Zeenat Shahzadi, a 26-year-old reporter of Daily Nai Khaber and Metro News TV channel, went missing on August 19, 2015, when some unidentified men allegedly kidnapped her while she was en route to her office in an auto-rickshaw from her home in a populated locality of Lahore.

Shahzadi was believed to have ‘forcibly disappeared’ while working on the case of Indian citizen Hamid Ansari, before her abduction. Ansari went missing within the country in November 2012.

Commission of Inquiry on Enforced Disappearances (CIED) President Justice (retd) Javed Iqbal said last evening that Shahzadi had been rescued from an area on the Pakistan- Afghanistan border on Thursday night.
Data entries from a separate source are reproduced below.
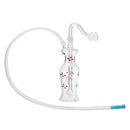 Glass H ookahs Huge Vapor Shisha Chicha Vaporizer Narguiles Smoking Water Pipes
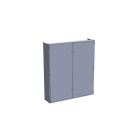 UTU - Kaappi seinäasennus Fe - Ahma LKS1690X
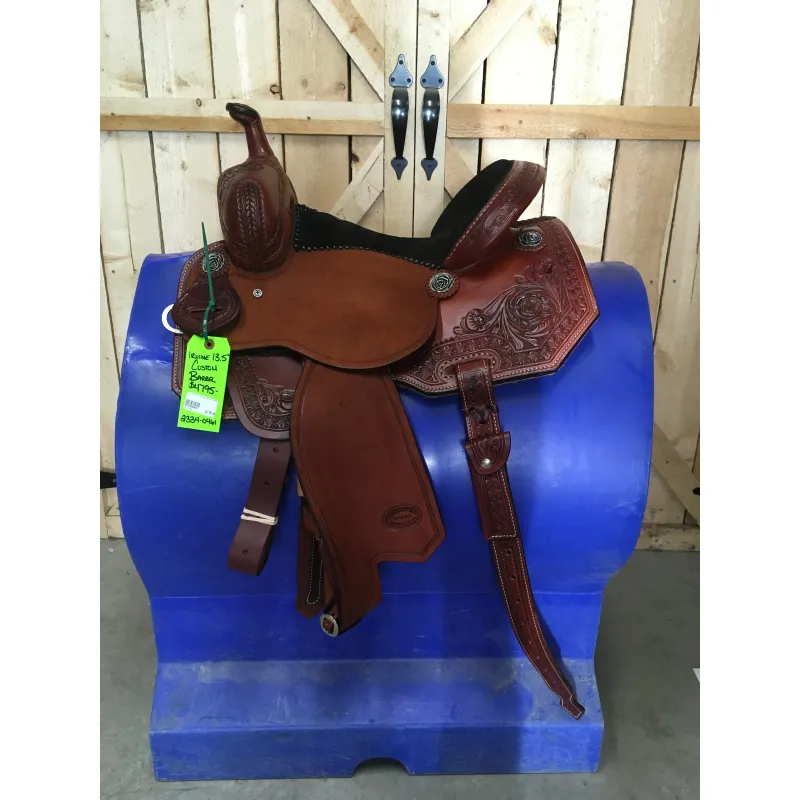 Irvine Custom 13.5" Barrel Saddle - 2334-0461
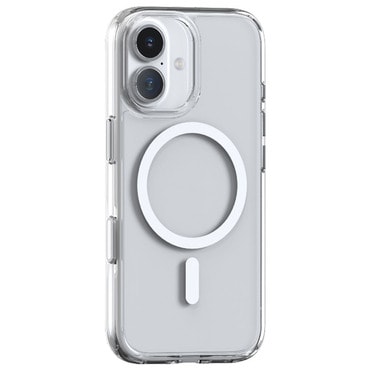 Prémium tok Torras "Guardian Magnetic" iPhone 17 készülékekhez - clear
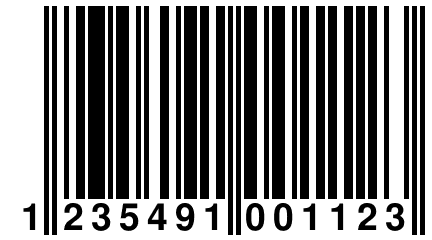 1 235491 001123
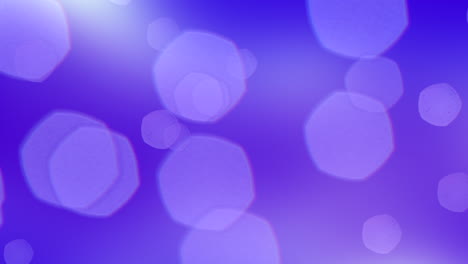 Abstrakte-Unschärfe,-Leuchtende-Blaue-Und-Violette-Kreise-Entstehen-Auf-Einem-Verschwommenen-Hintergrund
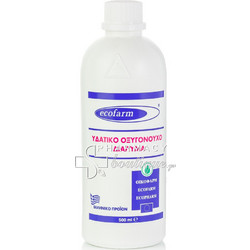 Ecofarm Υδατικό Οξυγονούχο Διάλυμα 500ml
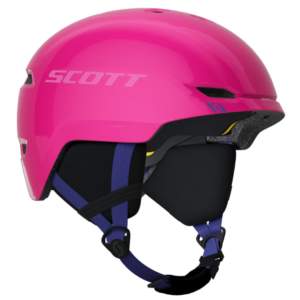 SCOTT Keeper 2 Plus MIPS Skihjelm Børn - Neon Pink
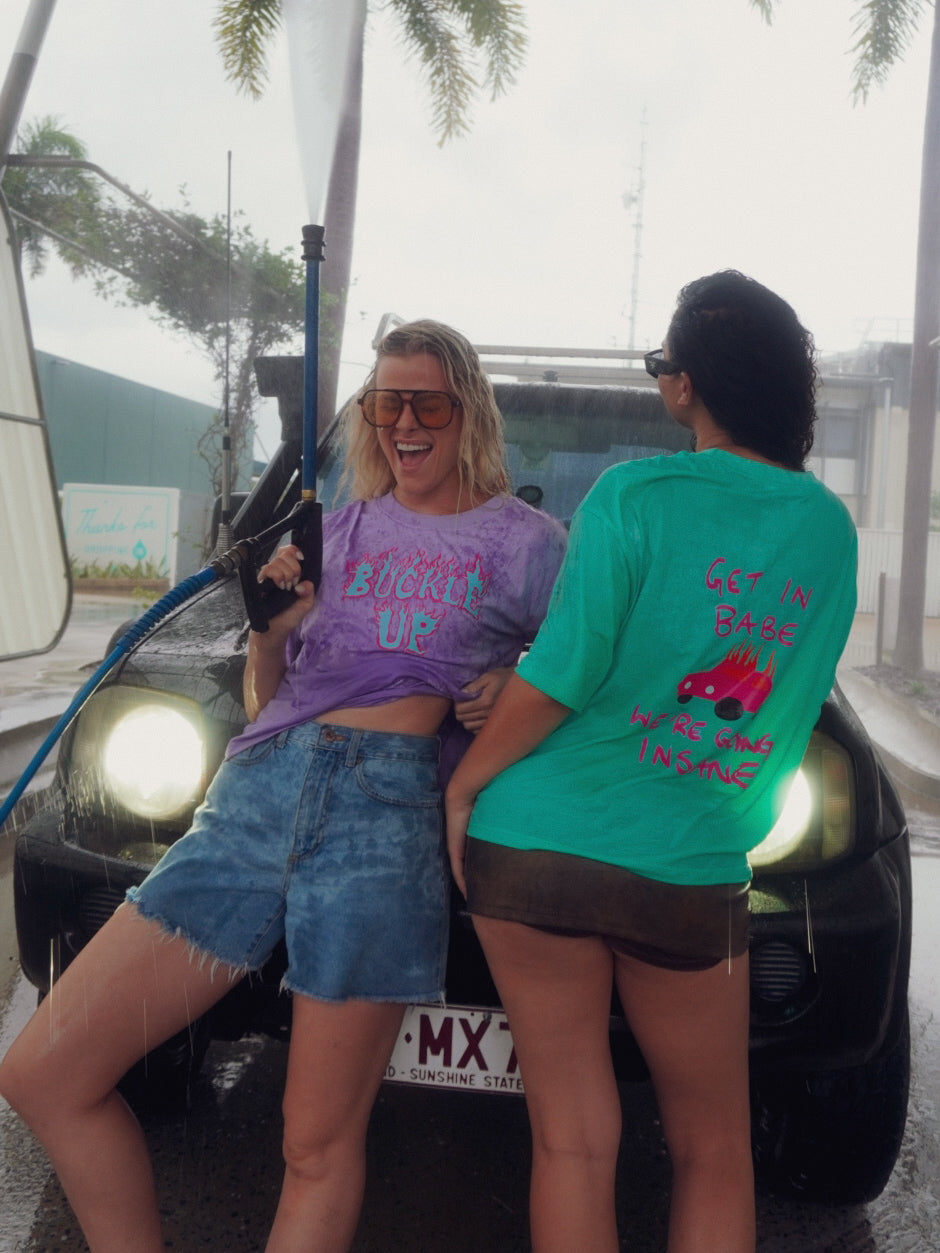 Buckle Up Tee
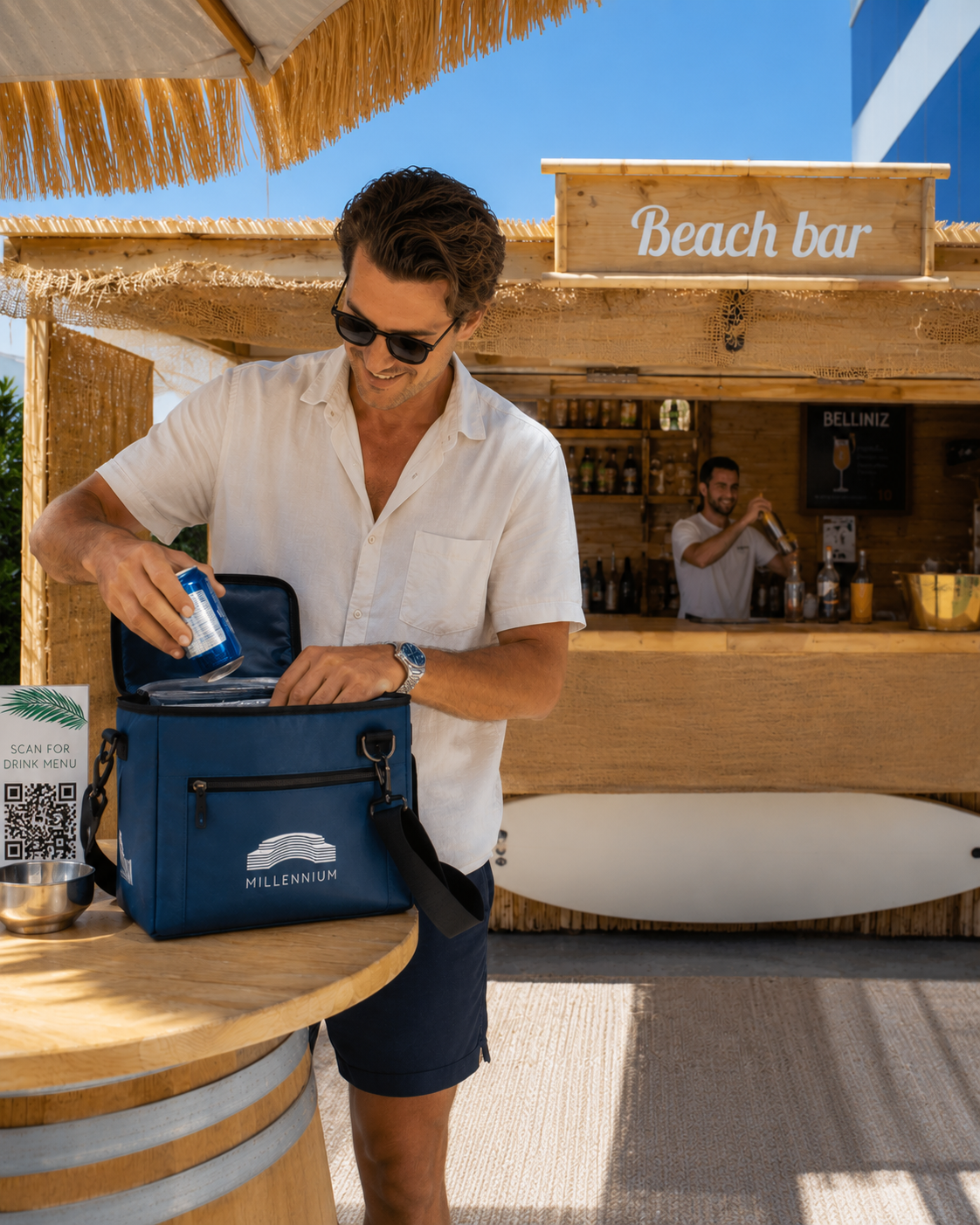 TravisMathew Chill’n 12-Dosen-Kühltasche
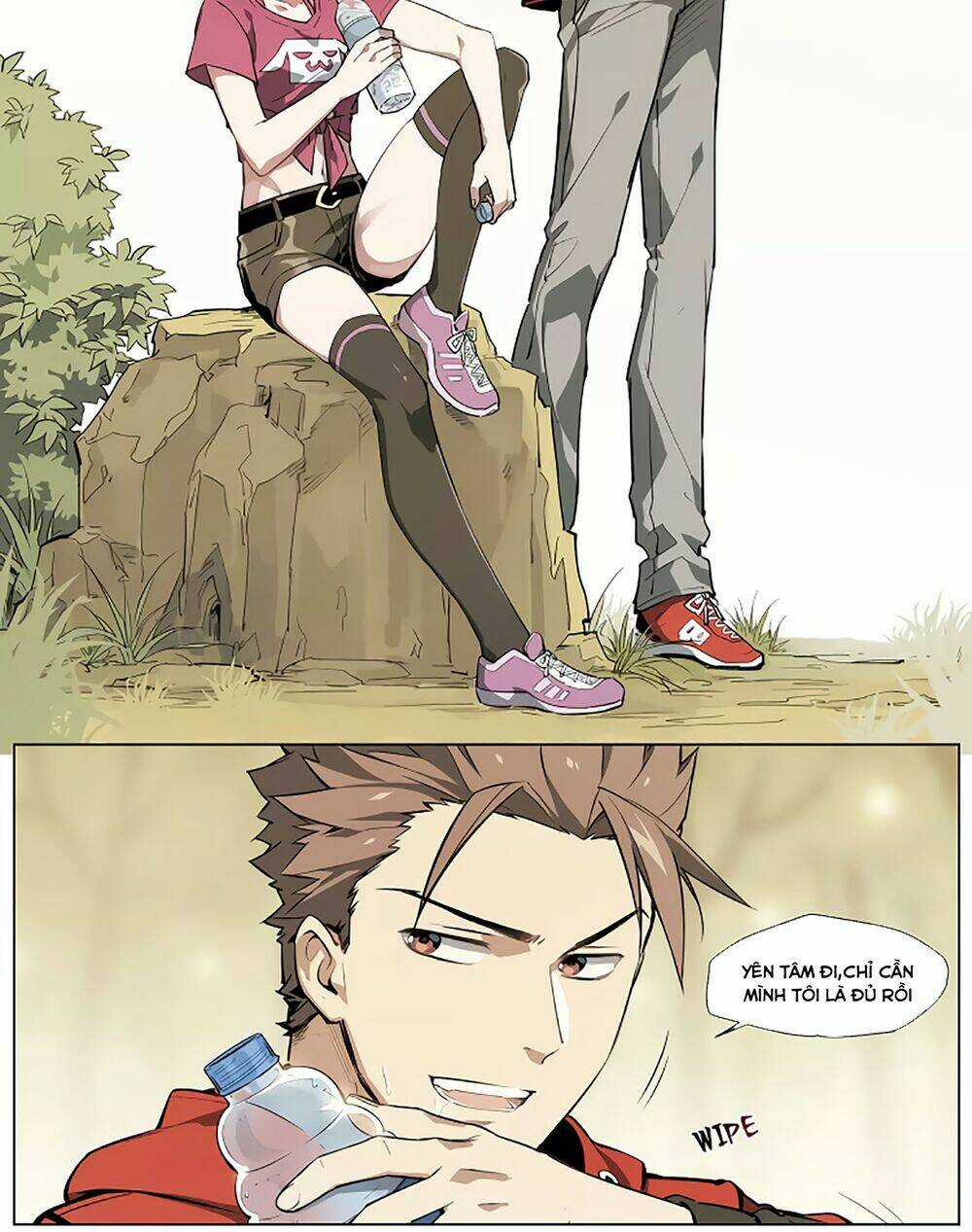 Làm Cách Nào Để Trở Lại Làm Thần Chapter 90 trang 9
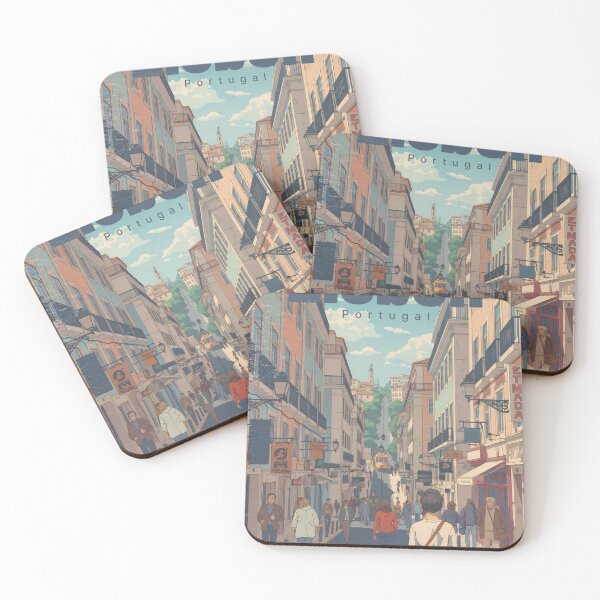 Item preview, City Stroll by Belem Tower designed and sold by JacksoonLester.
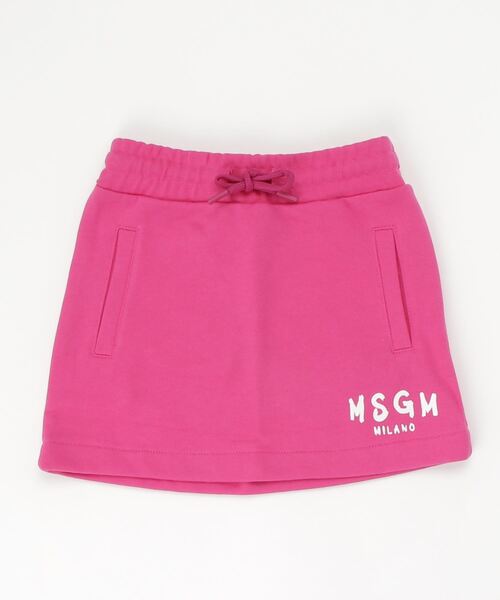 MSGM（エムエスジーエム）の「MSGM(エムエスジーエム)Kids & Junior スカート（スカート・キッズ・ブラック/ネイビー/グレー/レッド/フューシャピンク/ライトピンク・4Y/6Y/8Y/12Y/14Y/10Y）」の6枚目の写真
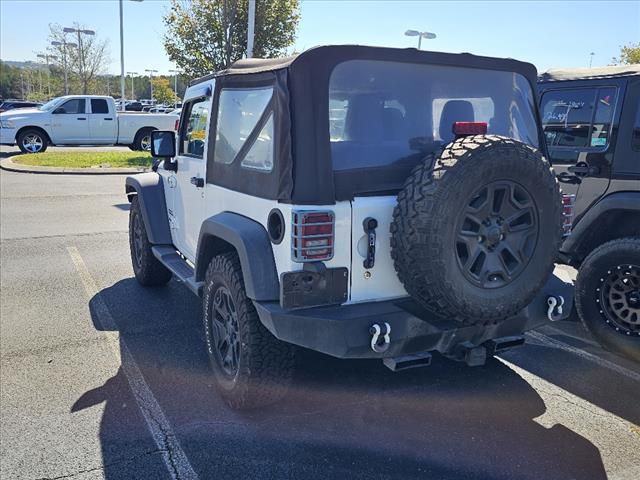 2018 Jeep Wrangler JK Sport S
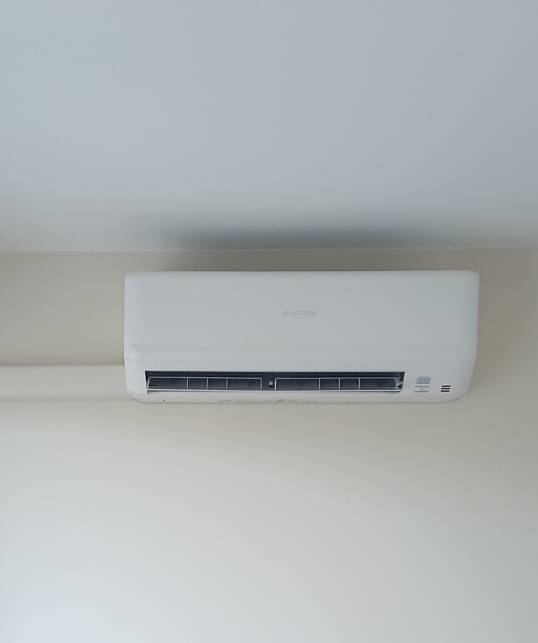 Climatisation d'un appartement avec la marque MITSUBISHI à TOULOUSE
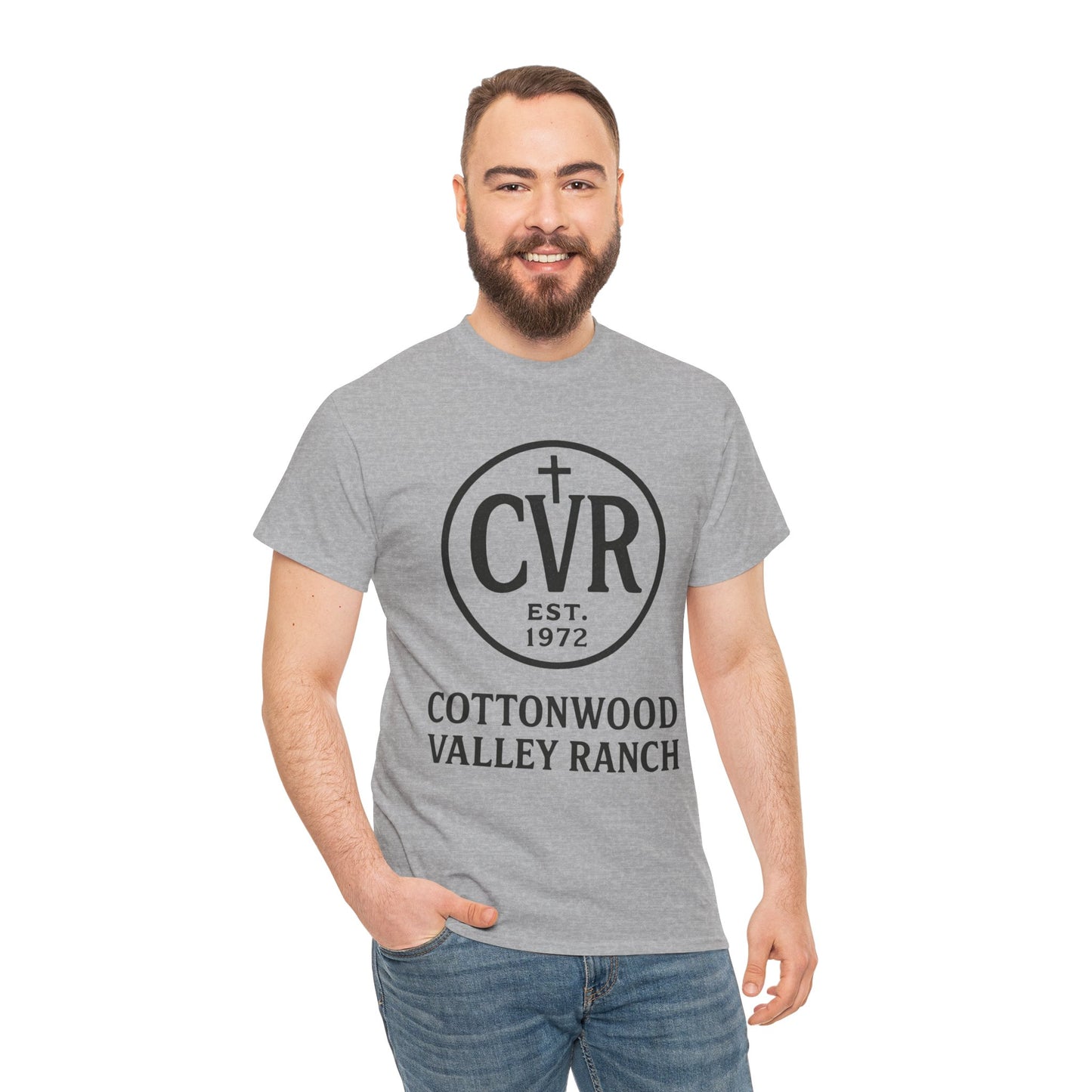 CVR Founders Seal | Heritage Heavy Cotton Tee
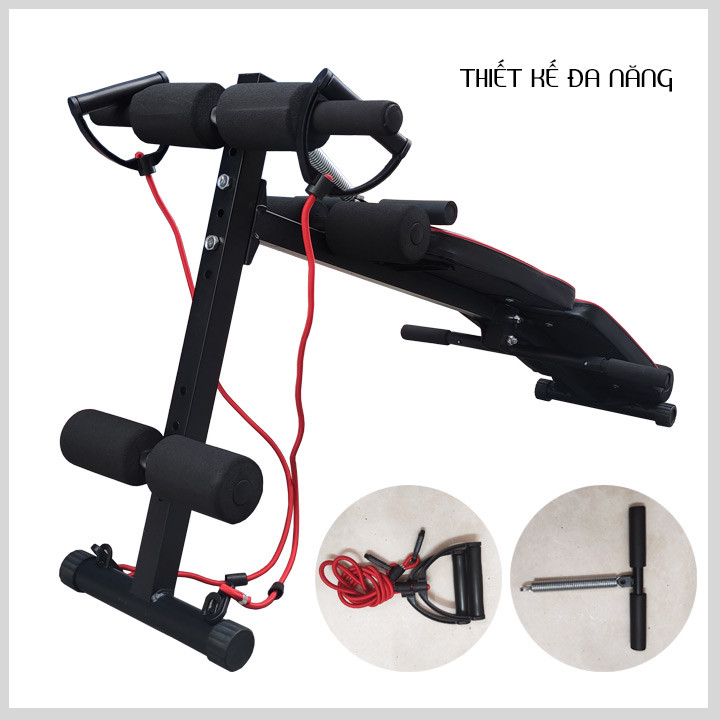 Ghế tập bụng đa năng AD-178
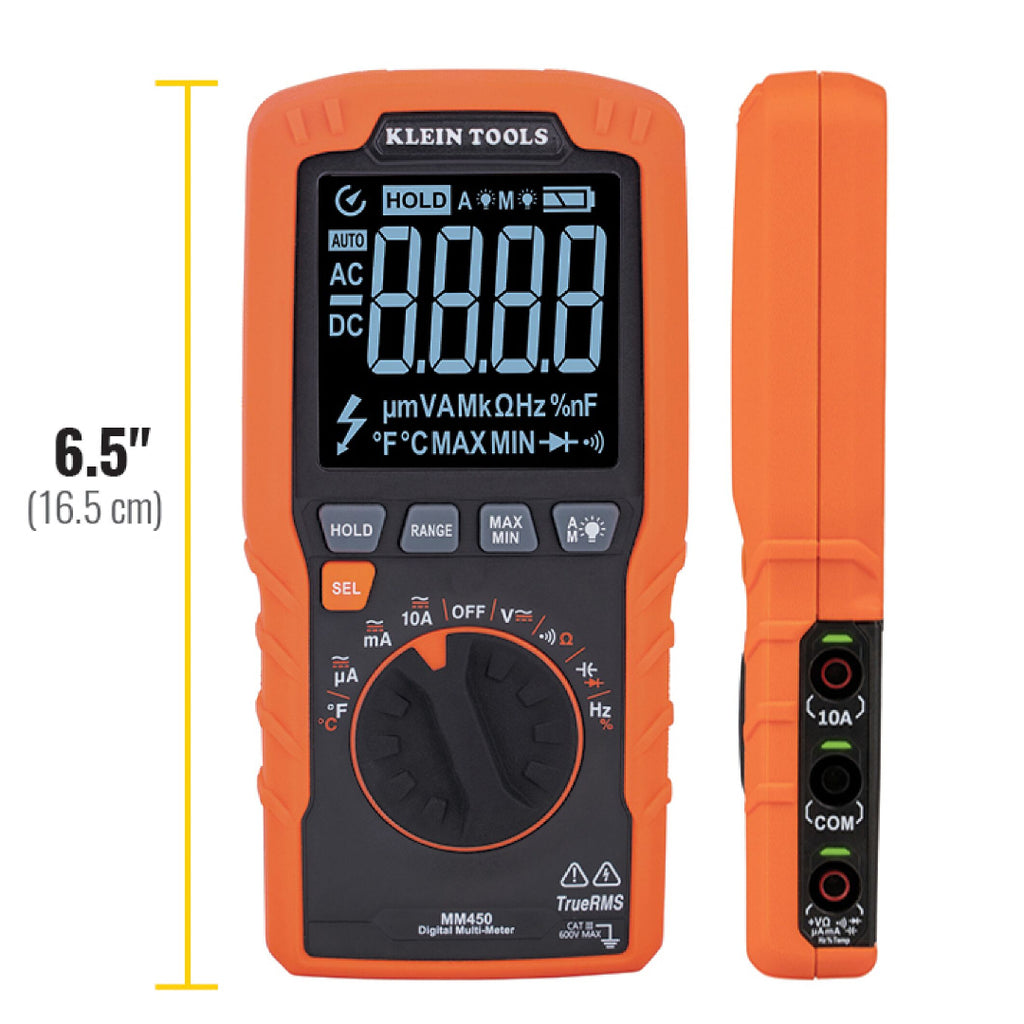 KLEIN MM450 SLIM DIGITAL MULTIMETER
“Non-state actors and anti-state agencies had abducted her and she has been rescued from their custody,” Iqbal said, adding tribals from Balochistan and Khyber-Pakhtunkhwa provinces had played a key role in her recovery.

“Zeenat Shahzadi today has been reunited with her family in Lahore and we are happy for her safe recovery. I am thrilled that she is home safe,” rights activist Beena Sarwar said.

Unable to withstand the loss, Shahzadi’s brother Saddam Hussain committed suicide in March last year, making her disappearance the focus of headlines again.

“Helping an Indian prisoner — Hamid Ansari — in Pakistan has cost us dearly. My sister is missing and my younger brother (Saddam) who was deeply attached to her hanged himself after losing hope to get reunited with her,” Salman Latif, brother of Shahzadi, had told PTI.

“My sister has not committed any crime in helping an Indian national,” he said.

Two years ago, Shahzadi had filed an application with the Supreme Court’s Human Rights Cell on behalf of Fauzia Ansari, the mother of Indian national Hamid Ansari, who had gone missing in Pakistan since November, 2012.

She secured in August, 2013 a special power of attorney from Ansari’s mother. She also pursued his case in the Peshawar High Court.

Ansari, a Mumbai resident arrested in 2012 for illegally entering Pakistan from Afghanistan reportedly to meet a girl he had befriended online.

Shahzadi submitted application to the CIED that ordered registration of the FIR in 2014. At the same time, she also filed a habeas corpus petition in the Peshawar High Court.

A writ of habeas corpus is used to bring a prisoner or other detainee before the court to determine if the person’s imprisonment or detention is lawful.

“Zeenat received threats from unknown persons who asked her not to pursue the case anymore. We also asked her not to put her life at risk but she said she wanted to help Ansari out of humanity. When she spoke to Ansari’s mother she literally cried along with her and vowed to help,” Latif said.

Ansari was sentenced to three years’ imprisonment reportedly by a military court on charges of illegally entering Pakistan and ‘spying’. He is still in jail.

The rights activists, especially former secretary general Human Rights Commission of Pakistan I A Rehman, have voiced for the release of Ansari, saying since he has served his sentence, he ought to be set free now.